Documentation ¶
Overview ¶
Package nagios provides common types, constants, package-level variables, performance data and methods for use with Nagios plugins.
OVERVIEW ¶
This package provides common functionality for use by plugins used by Nagios (and similar) monitoring systems. The goal is to reduce code duplication for monitoring plugins written in the Go programming language.
PROJECT HOME ¶
See our GitHub repo (https://github.com/atc0005/go-nagios) for the latest code, to file an issue or submit improvements for review and potential inclusion into the project.
FEATURES ¶
- Nagios state labels (e.g., StateOKLabel), state exit codes (e.g., StateOKExitCode)
- Nagios ServiceState type useful in client code as a way to map internal check results to a Nagios service state value
- Nagios CheckOutputEOL constant useful for consistent newline display in results displayed in web UI, email notifications
- ExitState type with ReturnCheckResults method used to process and return all applicable check results to Nagios for further processing/display
- Optional support for collecting/emitting performance data generated by plugins
- Supports "branding" callback function to display application name, version, or other information as a "trailer" for check results provided to Nagios
- Panics from client code are captured and reported
- Support for collecting multiple errors from client code
- Support for explicitly omitting Errors section in LongServiceOutput (automatically omitted if none were recorded)
- Support for explicitly omitting Thresholds section in LongServiceOutput (automatically omitted if none were recorded)
- Automatically omit LongServiceOutput section if not specify by client code
- Support for overriding text used for section headers/labels
HOW TO USE ¶
- See the code documentation here for specifics
- See the README for this project for examples
Index ¶
- Constants
- Variables
- type ExitCallBackFunc
- type ExitState
- func (es *ExitState) AddError(err ...error)
- func (es *ExitState) AddPerfData(skipValidate bool, pd ...PerformanceData) error
- func (es *ExitState) HideErrorsSection()
- func (es *ExitState) HideThresholdsSection()
- func (es *ExitState) ReturnCheckResults()
- func (es *ExitState) SetDetailedInfoLabel(newLabel string)
- func (es *ExitState) SetErrorsLabel(newLabel string)
- func (es *ExitState) SetOutputTarget(w io.Writer)

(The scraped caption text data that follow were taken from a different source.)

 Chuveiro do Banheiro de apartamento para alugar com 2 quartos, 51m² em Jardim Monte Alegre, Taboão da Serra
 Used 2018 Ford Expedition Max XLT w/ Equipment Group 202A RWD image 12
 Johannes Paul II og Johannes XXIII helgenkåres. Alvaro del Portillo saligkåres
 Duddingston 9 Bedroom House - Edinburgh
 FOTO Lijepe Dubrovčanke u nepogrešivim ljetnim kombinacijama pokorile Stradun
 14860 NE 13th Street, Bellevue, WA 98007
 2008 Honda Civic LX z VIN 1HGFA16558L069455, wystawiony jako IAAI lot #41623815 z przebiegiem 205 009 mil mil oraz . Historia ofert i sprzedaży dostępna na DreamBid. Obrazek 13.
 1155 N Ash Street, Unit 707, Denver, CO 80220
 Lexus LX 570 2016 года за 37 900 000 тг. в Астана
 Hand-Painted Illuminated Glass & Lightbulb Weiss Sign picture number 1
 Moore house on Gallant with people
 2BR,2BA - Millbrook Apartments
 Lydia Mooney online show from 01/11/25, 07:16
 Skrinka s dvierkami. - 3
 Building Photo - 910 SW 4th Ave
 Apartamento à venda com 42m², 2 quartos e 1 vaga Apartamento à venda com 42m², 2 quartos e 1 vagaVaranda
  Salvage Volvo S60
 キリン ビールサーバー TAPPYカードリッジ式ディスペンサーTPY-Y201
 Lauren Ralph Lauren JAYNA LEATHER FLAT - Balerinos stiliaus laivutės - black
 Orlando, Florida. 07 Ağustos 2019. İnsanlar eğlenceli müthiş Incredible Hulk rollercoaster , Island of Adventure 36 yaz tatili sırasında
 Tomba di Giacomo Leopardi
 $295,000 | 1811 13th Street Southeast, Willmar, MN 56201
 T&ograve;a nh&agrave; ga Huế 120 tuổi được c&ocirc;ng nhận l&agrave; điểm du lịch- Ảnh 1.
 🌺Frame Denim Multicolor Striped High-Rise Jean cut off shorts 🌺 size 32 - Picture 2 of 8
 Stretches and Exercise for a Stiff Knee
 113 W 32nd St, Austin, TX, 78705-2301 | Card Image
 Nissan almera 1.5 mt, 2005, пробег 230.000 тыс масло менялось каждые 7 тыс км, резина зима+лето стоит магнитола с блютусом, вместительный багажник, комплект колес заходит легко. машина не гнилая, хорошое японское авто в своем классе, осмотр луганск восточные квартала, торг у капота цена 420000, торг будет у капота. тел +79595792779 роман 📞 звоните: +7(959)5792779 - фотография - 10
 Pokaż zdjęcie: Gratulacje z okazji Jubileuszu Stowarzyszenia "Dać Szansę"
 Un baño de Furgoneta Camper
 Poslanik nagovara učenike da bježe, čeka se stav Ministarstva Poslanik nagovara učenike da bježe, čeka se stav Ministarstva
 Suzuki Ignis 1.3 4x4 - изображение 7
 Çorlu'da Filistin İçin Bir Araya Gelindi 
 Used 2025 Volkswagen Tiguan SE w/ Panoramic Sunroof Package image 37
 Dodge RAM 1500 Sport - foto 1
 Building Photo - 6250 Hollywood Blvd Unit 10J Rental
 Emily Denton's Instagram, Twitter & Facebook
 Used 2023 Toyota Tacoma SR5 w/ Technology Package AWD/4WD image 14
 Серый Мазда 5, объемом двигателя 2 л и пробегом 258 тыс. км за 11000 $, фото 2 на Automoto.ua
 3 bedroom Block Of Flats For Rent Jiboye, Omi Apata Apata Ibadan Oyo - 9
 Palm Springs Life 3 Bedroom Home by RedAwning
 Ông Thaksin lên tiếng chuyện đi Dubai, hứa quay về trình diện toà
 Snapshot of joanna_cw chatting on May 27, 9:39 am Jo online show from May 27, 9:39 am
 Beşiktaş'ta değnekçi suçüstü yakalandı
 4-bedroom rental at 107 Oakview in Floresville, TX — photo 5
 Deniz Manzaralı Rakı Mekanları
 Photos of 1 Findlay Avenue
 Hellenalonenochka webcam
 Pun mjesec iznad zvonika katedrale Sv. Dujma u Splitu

- func (es *ExitState) SetThresholdsLabel(newLabel string)
- func (es *ExitState) SkipOSExit()
- type PerformanceData
- type ServiceState
Constants ¶
const ( StateOKExitCode int = 0 StateWARNINGExitCode int = 1 StateCRITICALExitCode int = 2 StateUNKNOWNExitCode int = 3 StateDEPENDENTExitCode int = 4 )
Nagios plugin/service check states. These constants replicate the values from utils.sh which is normally found at one of these two locations, depending on which Linux distribution you're using:
- /usr/lib/nagios/plugins/utils.sh - /usr/local/nagios/libexec/utils.sh
See also http://nagios-plugins.org/doc/guidelines.html
const ( StateOKLabel string = "OK" StateWARNINGLabel string = "WARNING" StateCRITICALLabel string = "CRITICAL" StateUNKNOWNLabel string = "UNKNOWN" StateDEPENDENTLabel string = "DEPENDENT" )
Nagios plugin/service check state "labels". These constants are provided as an alternative to using literal state strings throughout client application code.
const CheckOutputEOL string = " \n"
CheckOutputEOL is the newline character(s) used with formatted service and host check output. Based on previous testing, Nagios treats LF newlines (without a leading space) within the `$LONGSERVICEOUTPUT$` macro as literal values instead of parsing them for display purposes.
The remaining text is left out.